» TASK REQUIREMENTS
Include no pictures. Output exactly the lines from the one that contains "Svetulya50's BongaCams show and profile" through the final line of the entries.

= = = = =

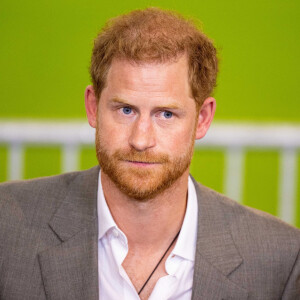 Le prince Harry, duc de Sussex, lors d'une conférence de presse pour l'événement Invictus Games Dusseldorf One Year to Go à Düsseldorf, Allemagne. 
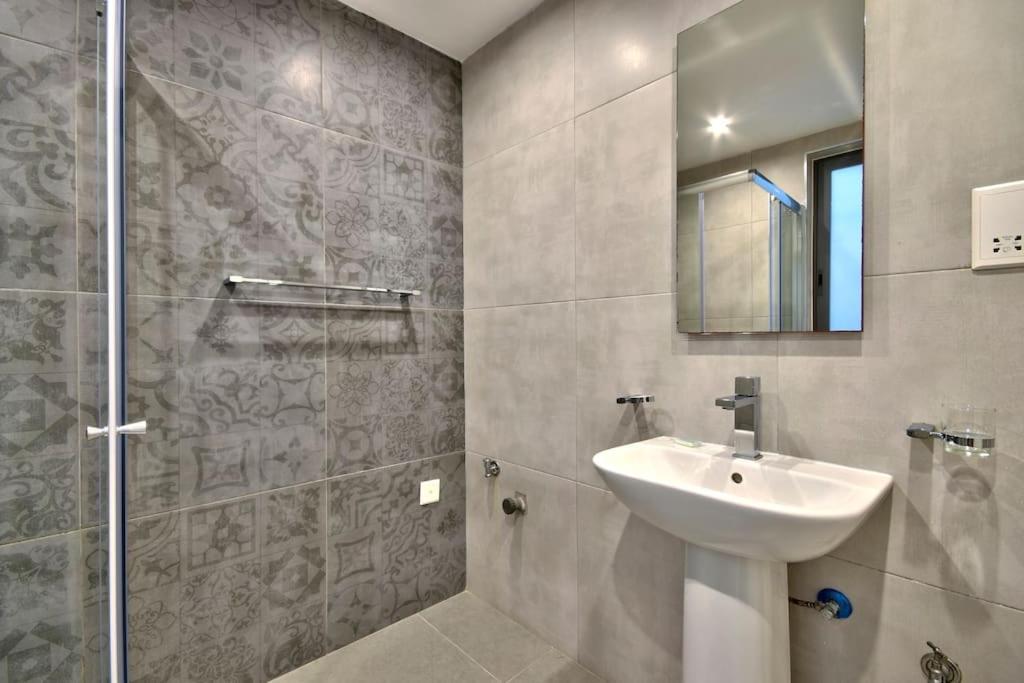 Vallettastay - Orangerie Two Bedroom Apartment 201 מראה חיצוני תמונה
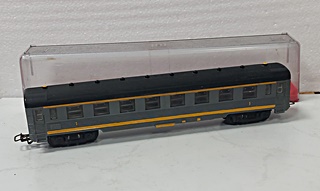 VOITURE A8 INOX FONCE SNCF 1/87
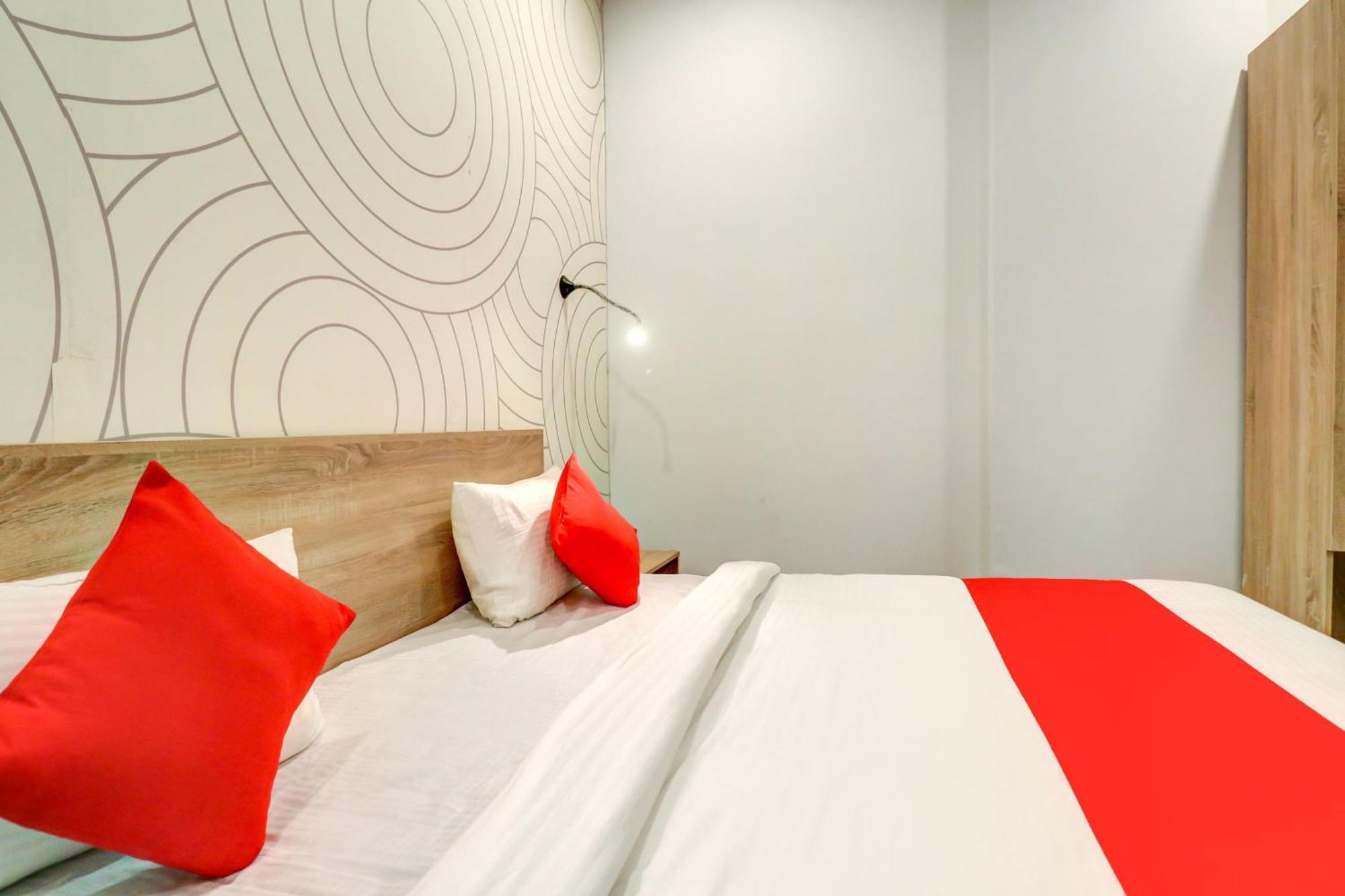 Hotel O Jps Grand Hotel Ню Делхи Екстериор снимка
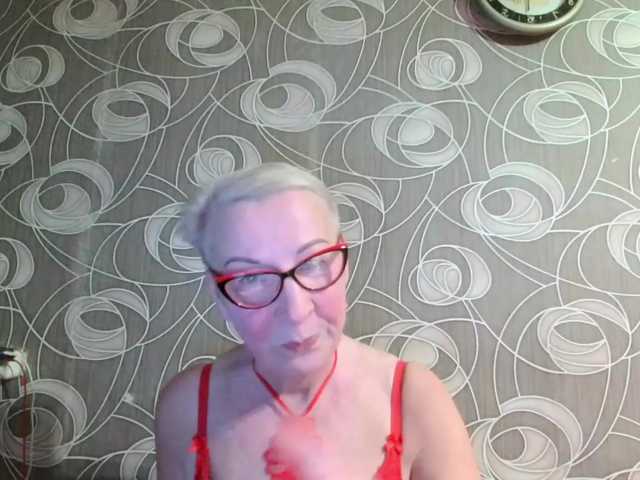 Svetulya50's BongaCams show and profile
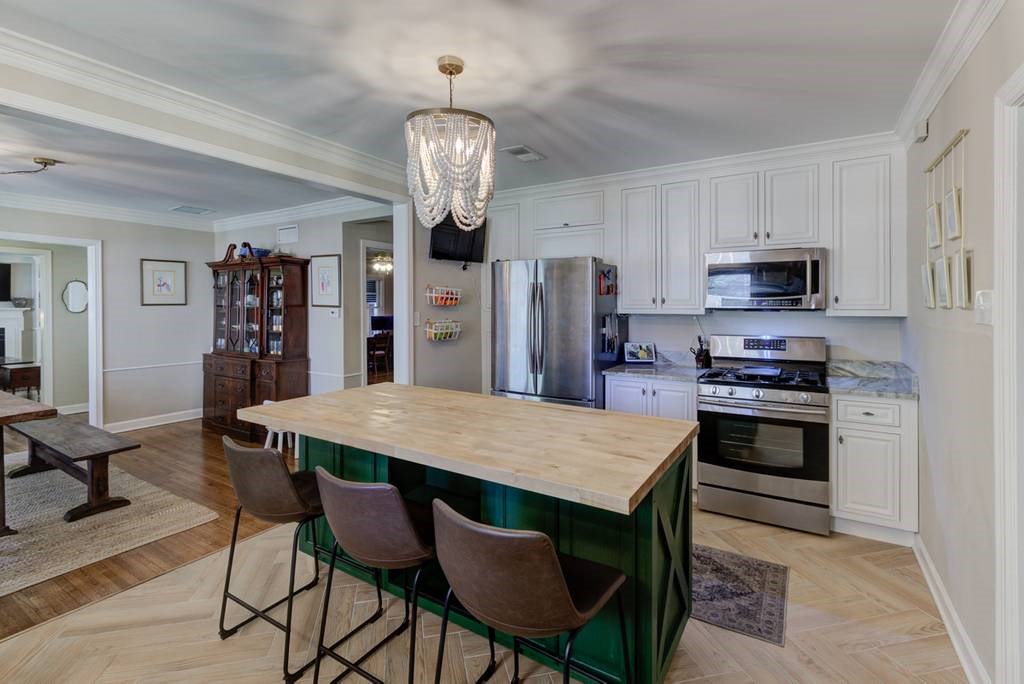 4919 Barfield Road Memphis, TN 38117 - Photo 10 of 25
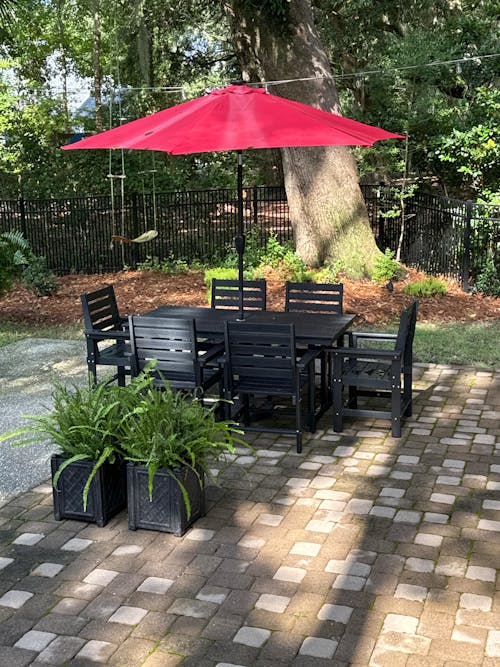 Coachella 4/6 Seat Outdoor Dining Table And Chairs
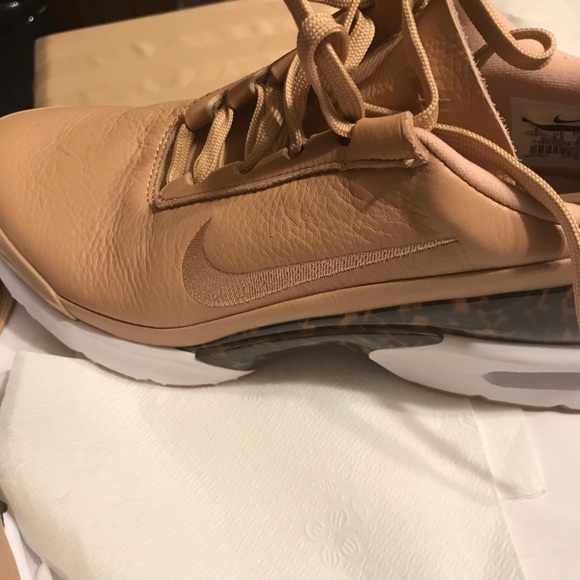 NEW  Nike Leather Sneakers - Picture 4 of 5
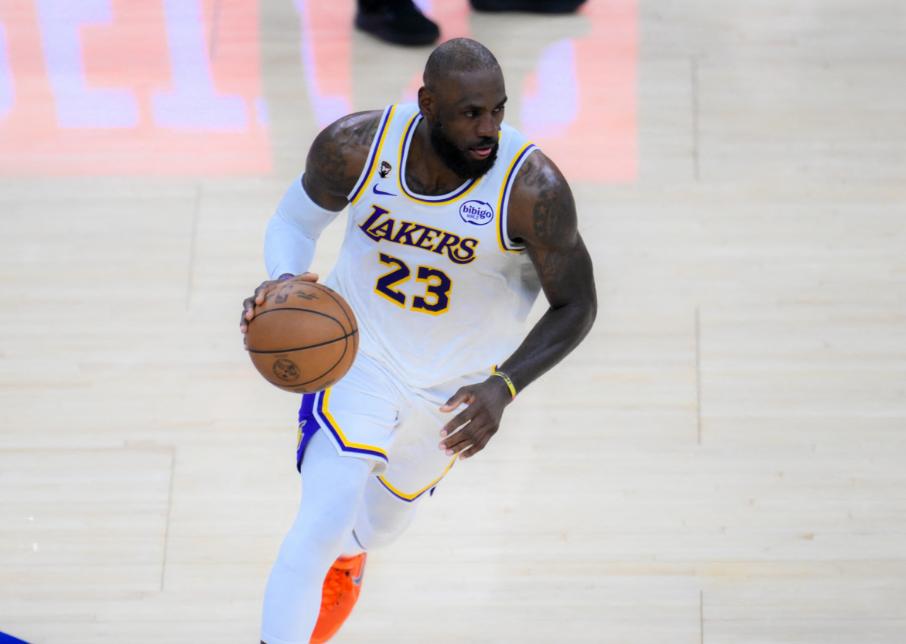 到手的轻松两分不拿，詹姆斯到底爱不爱数据？比赛还剩20秒湖人领先9分，詹姆斯面对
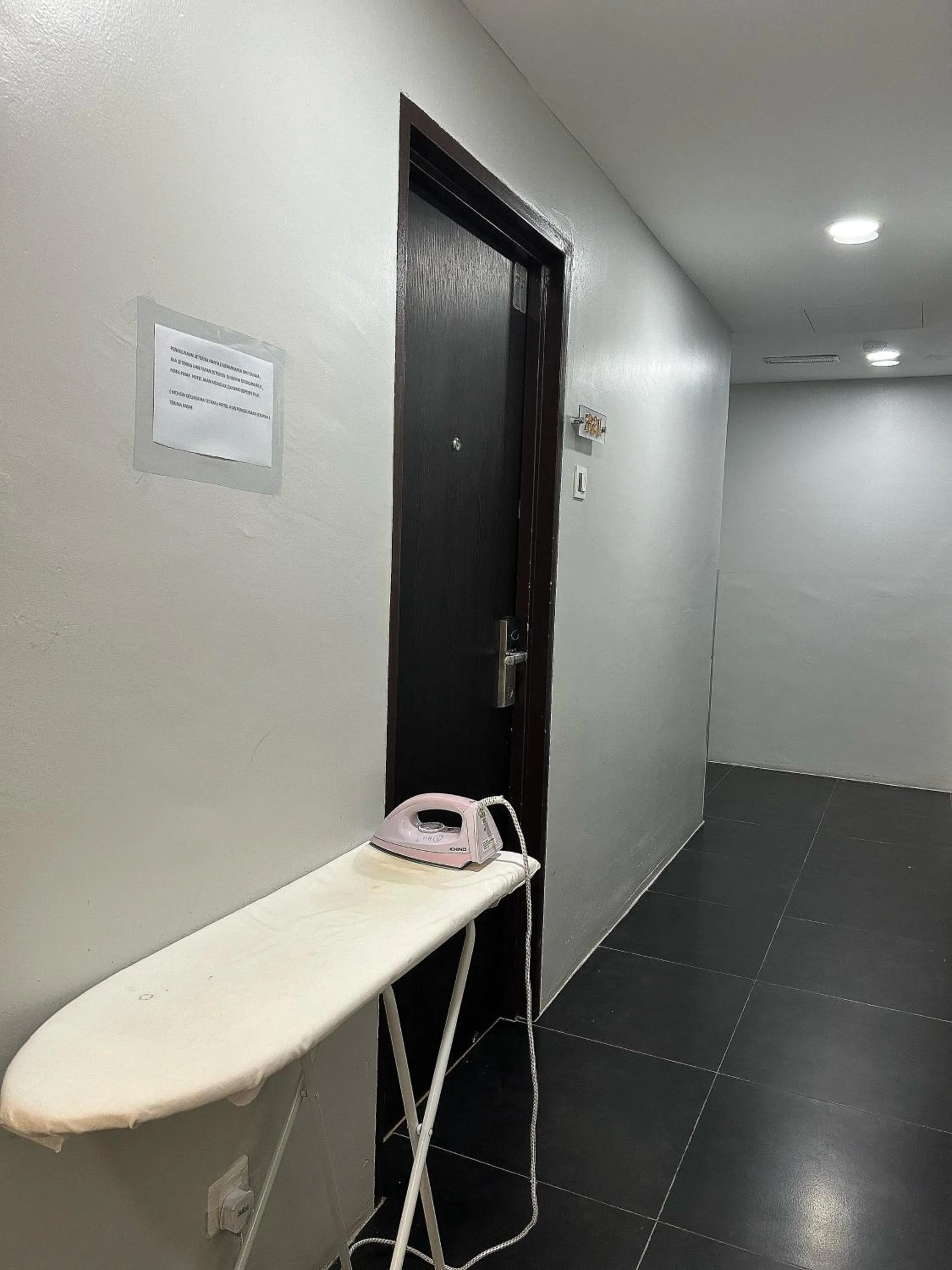 furniture in Double Happiness Hotel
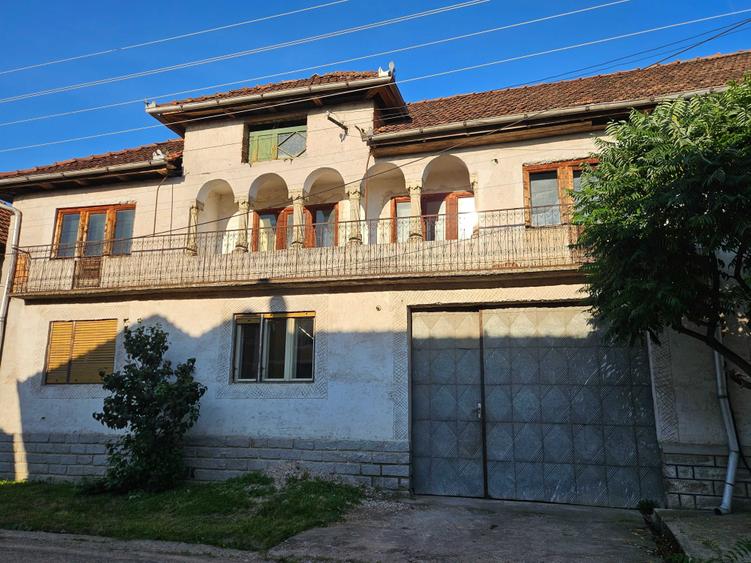 Casă cu 4 camere decomandat în Buntești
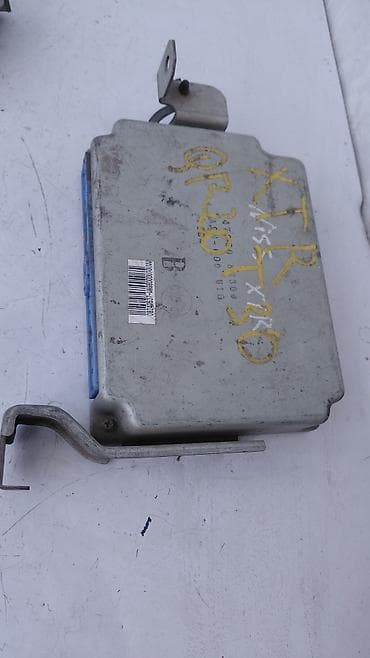 Блок управления двигателем (ECU) для Nissan X-Trail NT30. - — 2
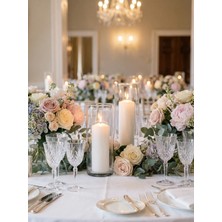 Glassy Estetik ve Fonksiyonun Mükemmel Dengesi: Ikili El Işçiliği Cam Seti (20-25 Cm)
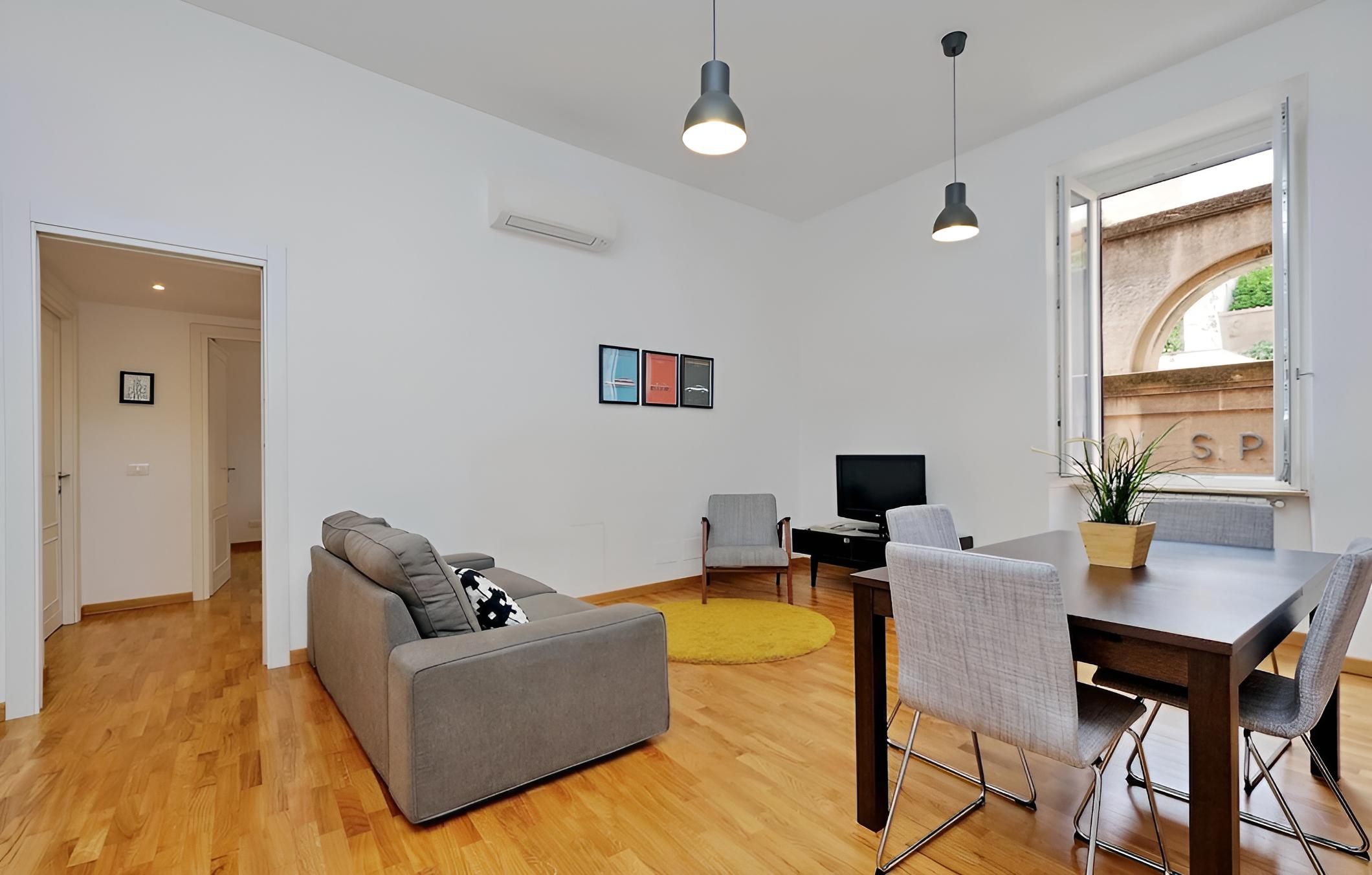 Rm-h501-dgar1a2 - Traiano Charme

= = = = =

» SOLUTION TO THIS PROBLEM
 Svetulya50's BongaCams show and profile
 4919 Barfield Road Memphis, TN 38117 - Photo 10 of 25
 Coachella 4/6 Seat Outdoor Dining Table And Chairs
 NEW  Nike Leather Sneakers - Picture 4 of 5
 到手的轻松两分不拿，詹姆斯到底爱不爱数据？比赛还剩20秒湖人领先9分，詹姆斯面对
 furniture in Double Happiness Hotel
 Casă cu 4 camere decomandat în Buntești
 Блок управления двигателем (ECU) для Nissan X-Trail NT30. - — 2
 Glassy Estetik ve Fonksiyonun Mükemmel Dengesi: Ikili El Işçiliği Cam Seti (20-25 Cm)
 Rm-h501-dgar1a2 - Traiano Charme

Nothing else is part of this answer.